Top of Supplied entries

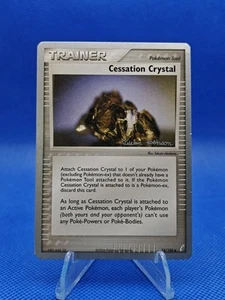 🔵 Pokemon TCG Crystal Guardians Castaway 72/100 Regular MP - Picture 1 of 2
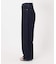 《追加10》ウォッシャブル / DU JOUR / デュ ジュール BARREL BAGGY JEAN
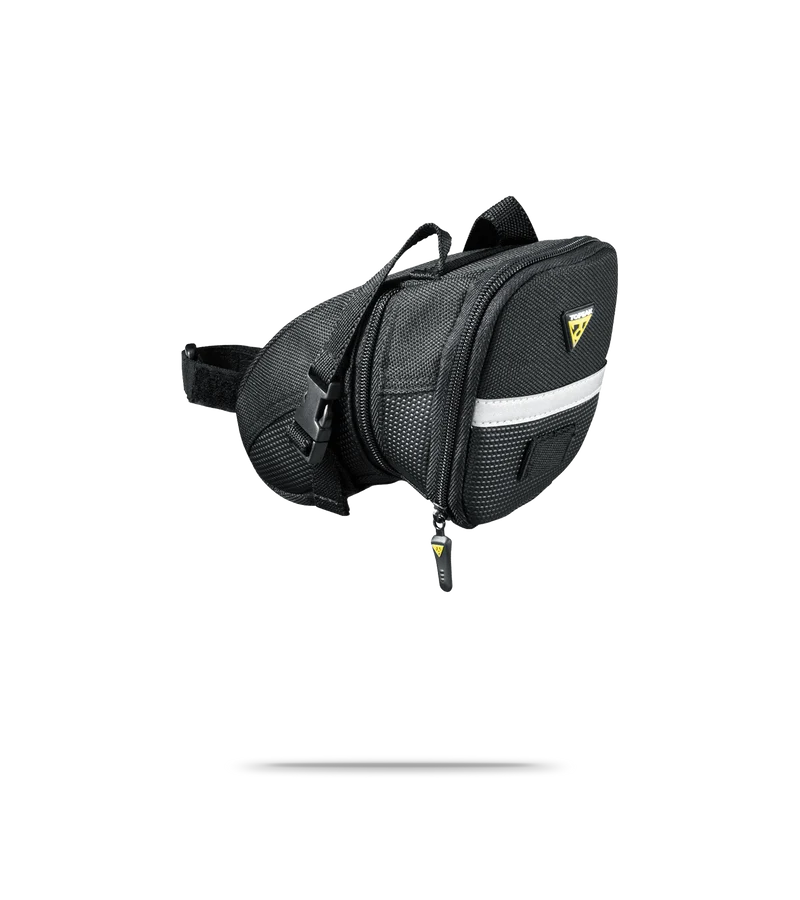 Aero Wedge Medium Seat Pack with Strap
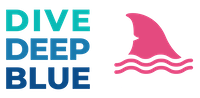 Dive Deep Blue by ABC Diving logo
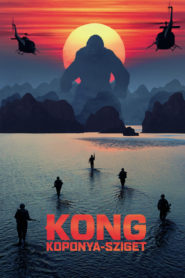 Kong: Koponya-sziget online teljes film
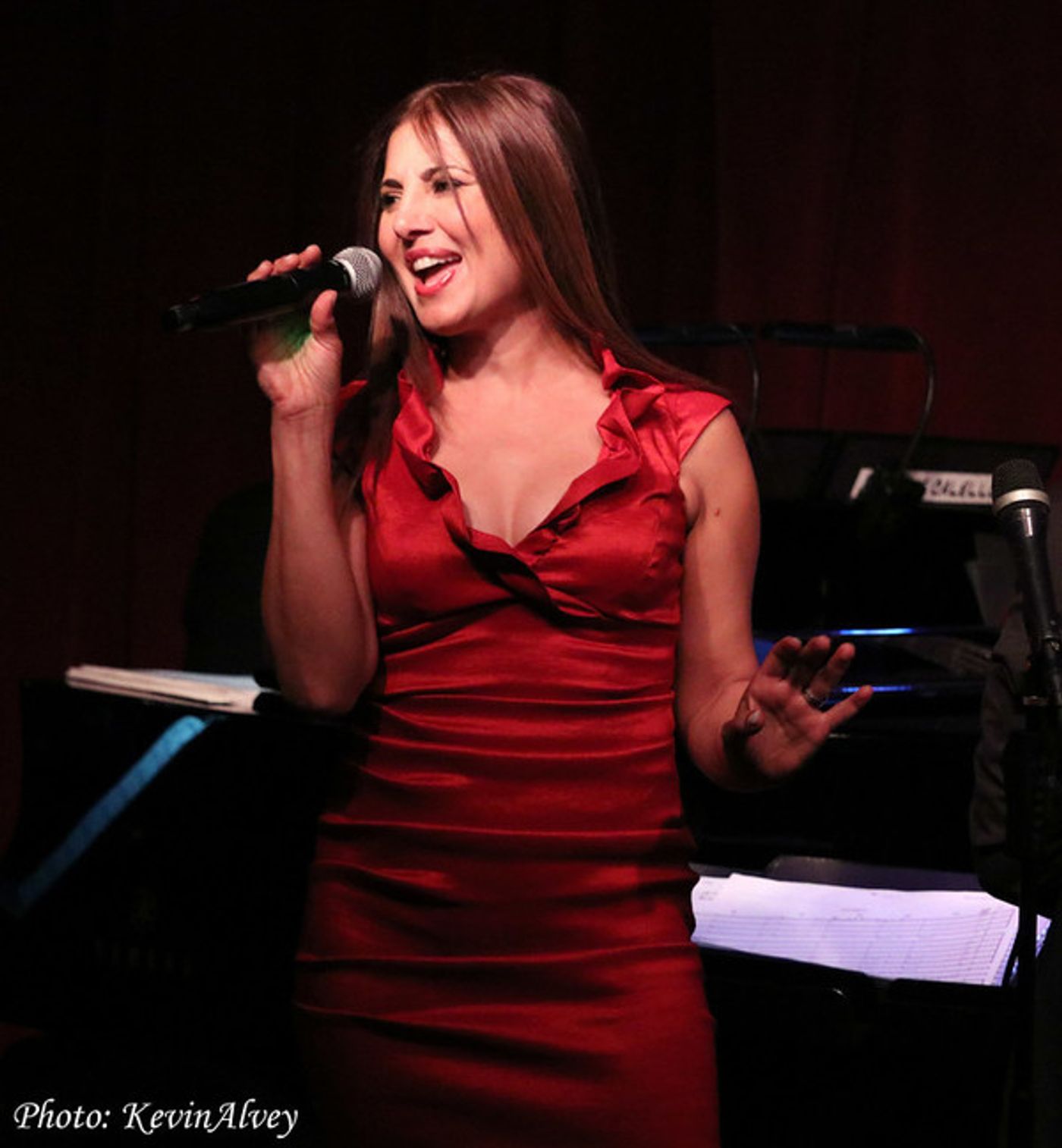 Photo Flash: Broadway At Birdland Presents Charles Calello Photo Flash: Broadway At Birdland Presents Charles Calello Image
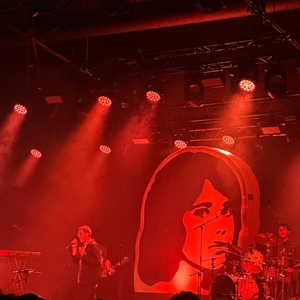 TV Girl at Lisboa, Portugal in LAV - Lisboa Ao Vivo 2026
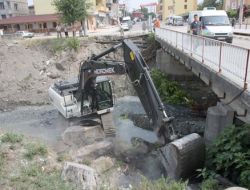 Eseli Köprüsü'ndeki Genişletme Çalışmaları 2 Ayda Tamamlanacak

Bottom of Supplied entries

What you will do → Reproduce the data word for word without its images.

Output for this task →
 🔵 Pokemon TCG Crystal Guardians Castaway 72/100 Regular MP - Picture 1 of 2
 《追加10》ウォッシャブル / DU JOUR / デュ ジュール BARREL BAGGY JEAN
 Aero Wedge Medium Seat Pack with Strap
 Dive Deep Blue by ABC Diving logo
 Kong: Koponya-sziget online teljes film
 Photo Flash: Broadway At Birdland Presents Charles Calello Photo Flash: Broadway At Birdland Presents Charles Calello Image
 TV Girl at Lisboa, Portugal in LAV - Lisboa Ao Vivo 2026
 Eseli Köprüsü'ndeki Genişletme Çalışmaları 2 Ayda Tamamlanacak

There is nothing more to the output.